Это слова из романов Уильяма Фолкнера.
Шум и ярость, бушующие в Йокнапатофе, порождены не в последнюю очередь тяжелым переживанием исторического наследия Юга, которое далеко не изжито и поныне. К расовой проблеме писатель обращался неизменно, начиная еще с «Сар-ториса». Там, правда, царит еще почти идиллия, в стиле южной литературы времен Гражданской войны: негры и белые составляют одну семью, Саймон не ощущает никакой униженности, наоборот, то, что он прислуживает самому видному члену общины, добавляет ему какого-то совершенно комического достоинства.
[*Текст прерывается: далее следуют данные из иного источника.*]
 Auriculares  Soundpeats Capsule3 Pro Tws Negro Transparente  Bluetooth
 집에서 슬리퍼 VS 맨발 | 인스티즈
Но дальше и пастораль, и юмор уходят, писатель медленно поднимается к осознанию той глубочайшей трещины, которая расколола Юг надвое. И тут — единственный, может быть, случай — писатель вдруг обнаружил, что чисто художественными средствами проблема не решается. Оттого-то, должно быть, он столь много и охотно — как ни о чем другом — рассуждал об отношениях рас на Юге.
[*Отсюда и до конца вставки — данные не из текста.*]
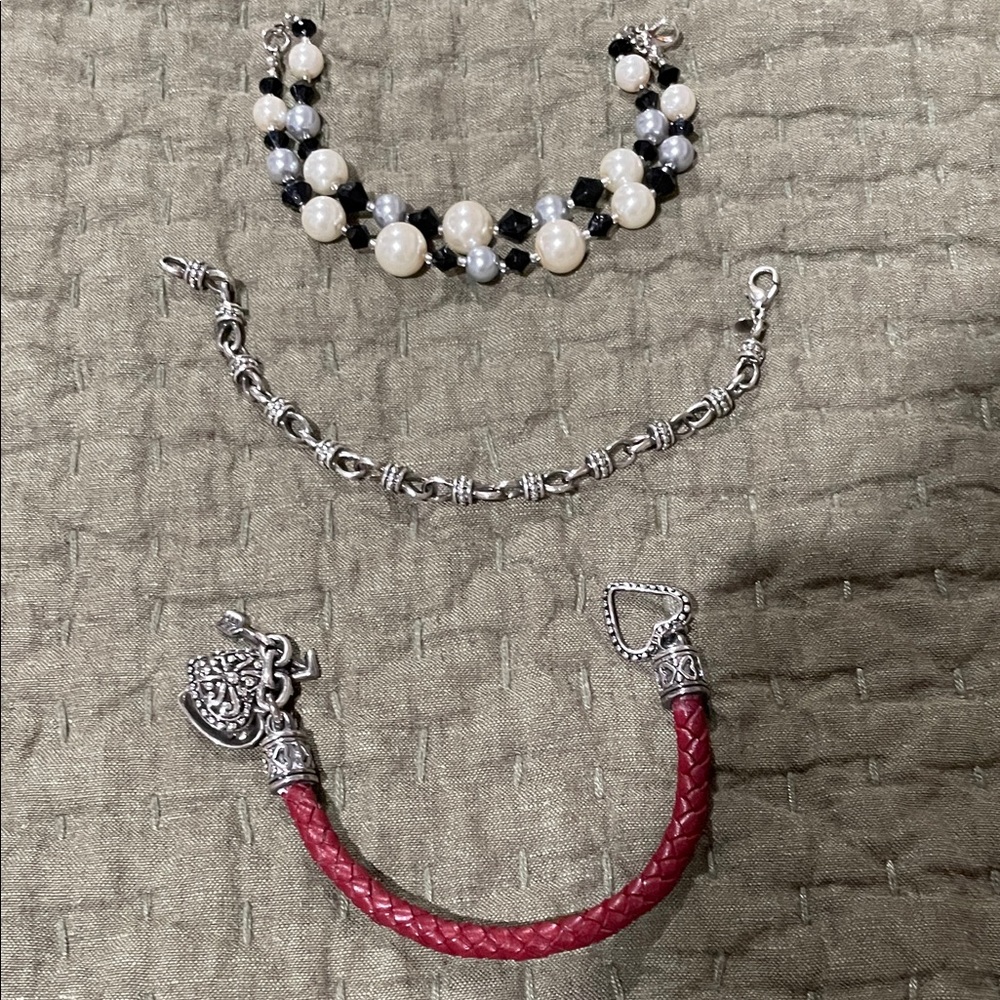 Trio of Bracelets!  1 Silver, 1 Leather & 1 Pearls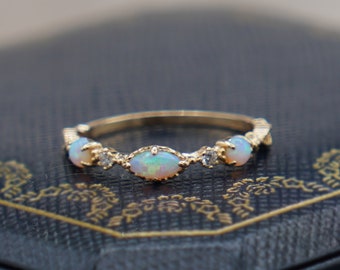 Opal Ring, Opal Engagement Ring, Marquise Ring, Band Ring, Birthstone Ring, Opal Promise Ring, Opal Jewelry, Delicate Ring, Minimal Ring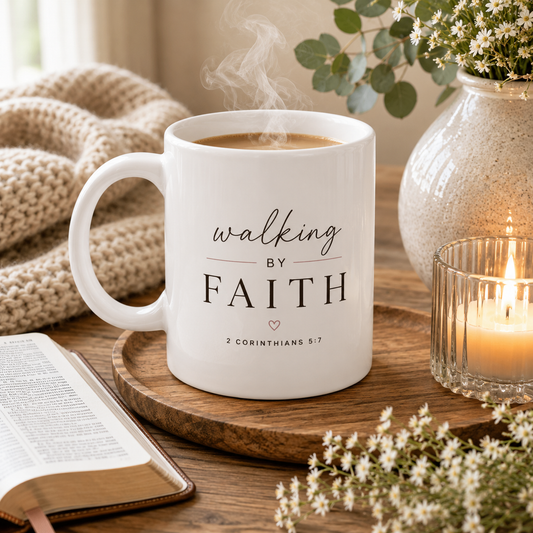 Walking By Faith 11oz Christian Mug – 2 Corinthians 5:7 Faith-Based Coffee Mug & Inspirational Christian Gift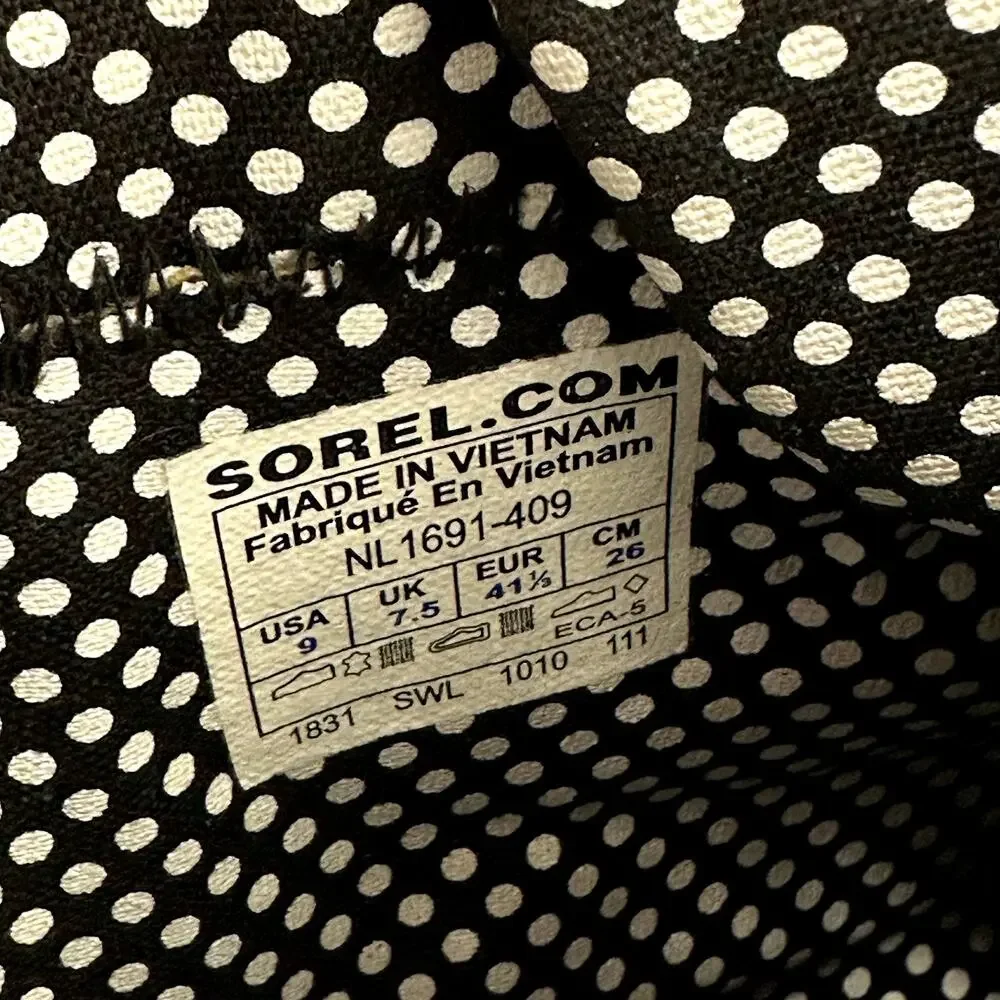Sorel Tivoli II Snow Rain Boots Lace Up Leather Polka Dot Lined Outdoor Blue 9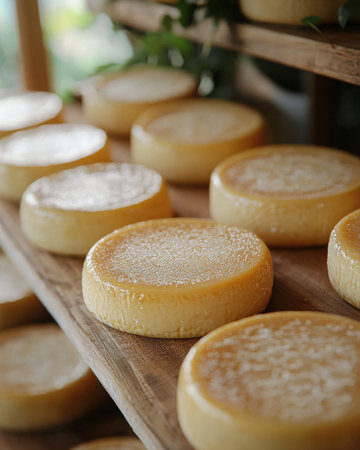 Artisan cheese wheels with textured rinds rest on a rustic wooden shelf, evoking craft and tradition...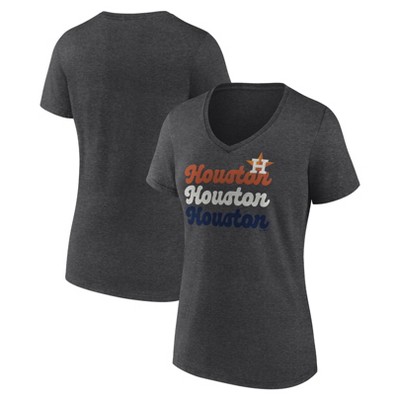 MLB Houston Astros Women's Gray Short Sleeve V-Neck T-Shirt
Еще в начале 30-х годов «Нью-Йорк хералд трибюн» опубликовала заметку своего корреспондента о встрече с Фолкнером, который только что закончил «Святилище». Там> в частности, говорилось: «Фолкнер считает, что раньше, во времена рабства, неграм жилось лучше, чем сейчас. С его точки зрения, «великодушная автократия» — идеальное общественное устройство для негров, хотя и признает, что теоретически такая система вряд ли устойчива». Дальше идут, закавыченные, то есть Фолкнером сказанные, слова: «Но факты слишком часто расходятся с теориями; во всяком случае, я никогда не слышал и не читал о том, что во времена рабства негров линчевали. Им было лучше при рабстве, потому что о них заботились. Не думаю, правда, что и белым было лучше, во всяком случае, теоретически».